Govt relaxes e-waste rules as deadline looms
The Union ministry of environment has amended the E-waste (Management) Rules, 2016, lowering the initial targets for existing electronics manufacturers and setting weaker goals for new entrants, according to a notification issued by the ministry on March 22.
The amendment was made to “facilitate and effectively implement the environmentally sound management of e-waste in India,” environment minister Harsh Vardhan said in a statement on Friday.
The minister added that the changes would help in “channelizing the e-waste generated in the country towards authorized dismantlers and recyclers in order to formalize the e-waste recycling sector.”
The rules, notified in 2016, required manufacturers to take responsibility for retrieving and recycling a portion of their output, a provision called extended producer responsibility (EPR). When the amendment was proposed in October last year, the ministry argued that it would help the industry prepare and ensure a “level playing field” for new entrants.

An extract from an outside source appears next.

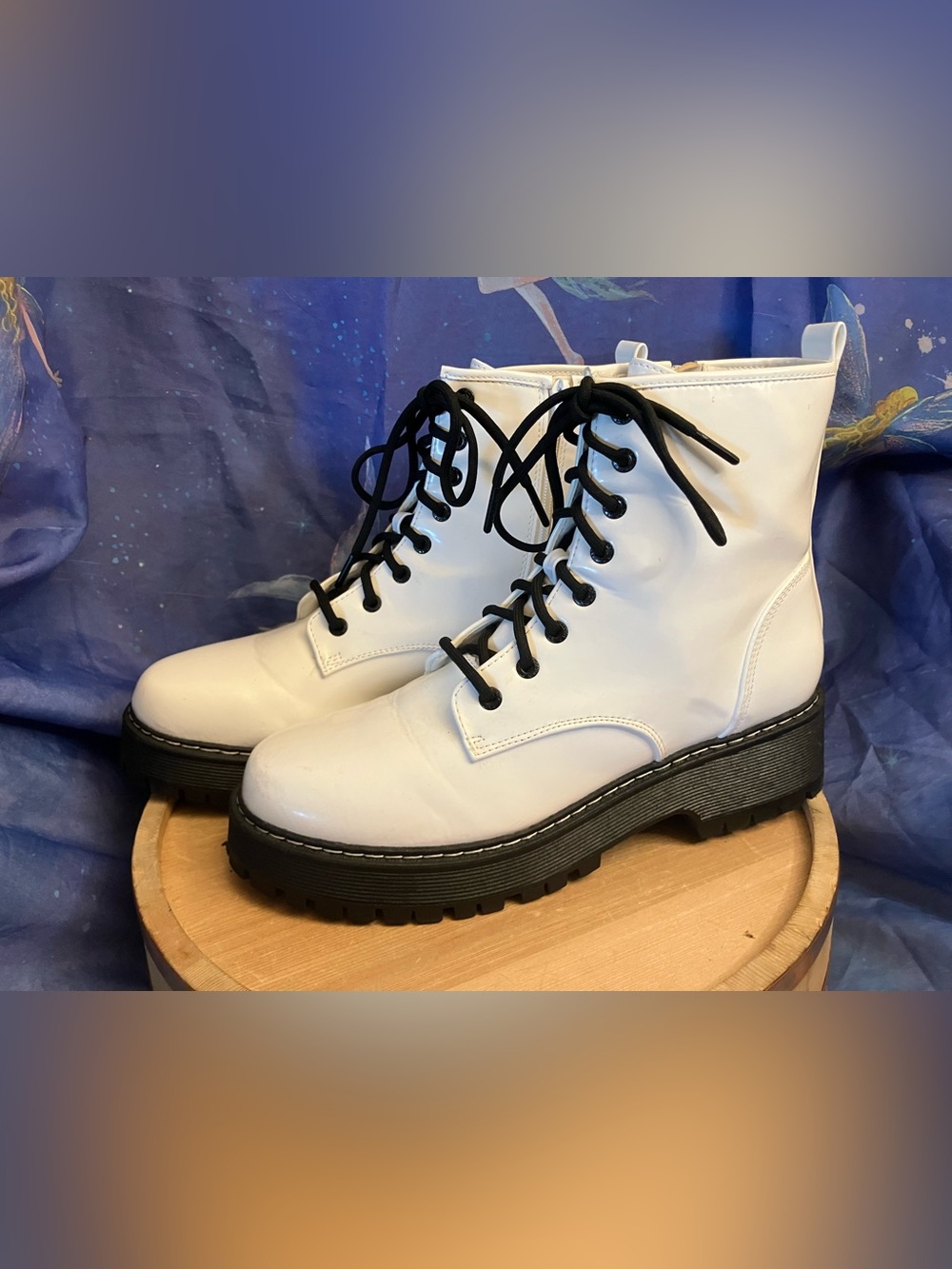 Madden NYC Women’s Lug Combat Boots - White Size 11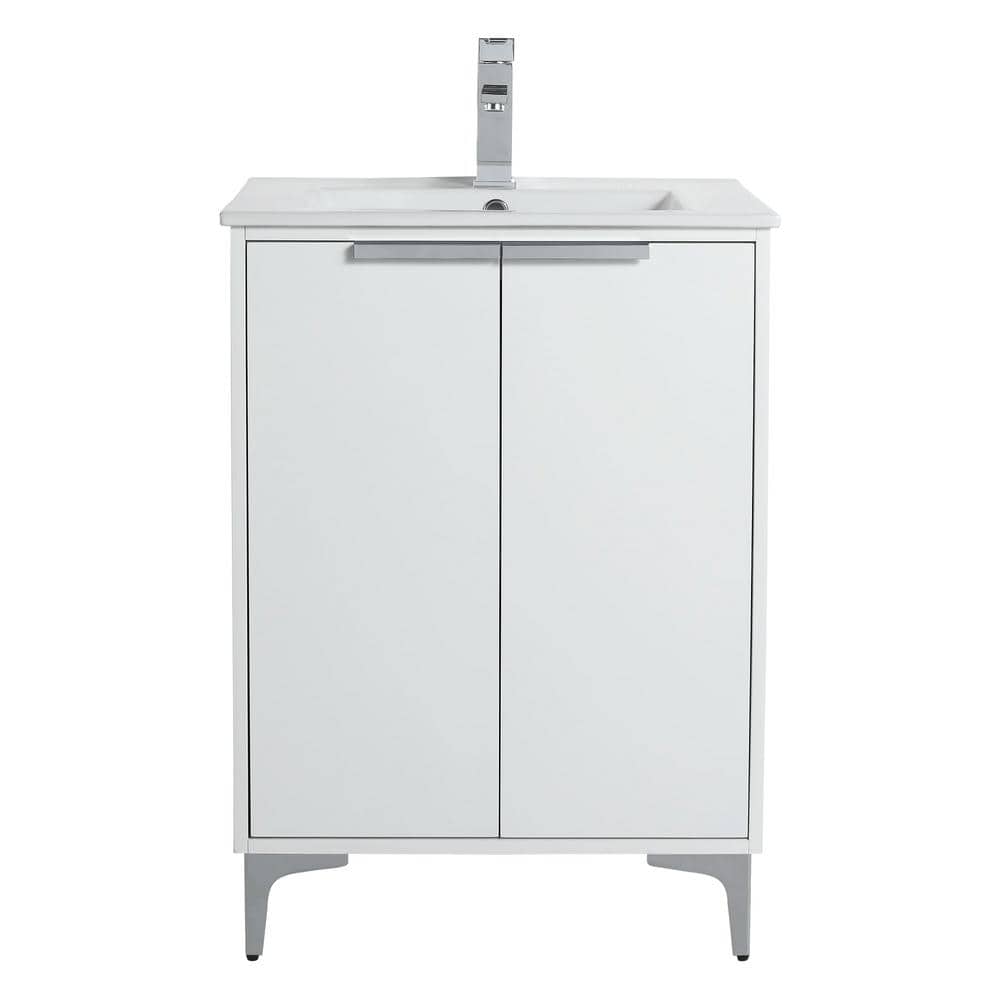 Matte White 24" Bathroom Vanity with Polished Chrome Hardware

The rules lay down progressive targets for e-waste collection and safe disposal. In the third year, producers were mandated to retrieve and safely dispose of 30% of their estimated waste generation with the target increasing to 40% in the fourth year and 70% from the seventh year onwards.
The initial target has now been reduced from 30% to 10% for 2017-18 for existing producers under the new rules but they still have to meet the 70% target by 2023 onwards.
For new entrants, who have been operational for lesser time than the average life of the product they are selling, will have to meet a 5% target in 2018-19 and ultimately a 20% from 2025 onwards.
Pranshu Singhal, the founder of Karo Sambhav Pvt Ltd, said the rules, however, came into effect only in October 2017 which means the target effectively for 2017-2018 is 5%.
“The rules have come at an opportune time as this has helped in clarifying the confusion on the targets for this financial year for producers. A key inclusion in the amendment is that PROs are now required to register with CPCB (Central Pollution Control Board) under the new rules,” Singhal said.
Karo Sambhav is a collaborative Producer Responsibility Organisation (PROs) or third parties to which producers delegate used product management.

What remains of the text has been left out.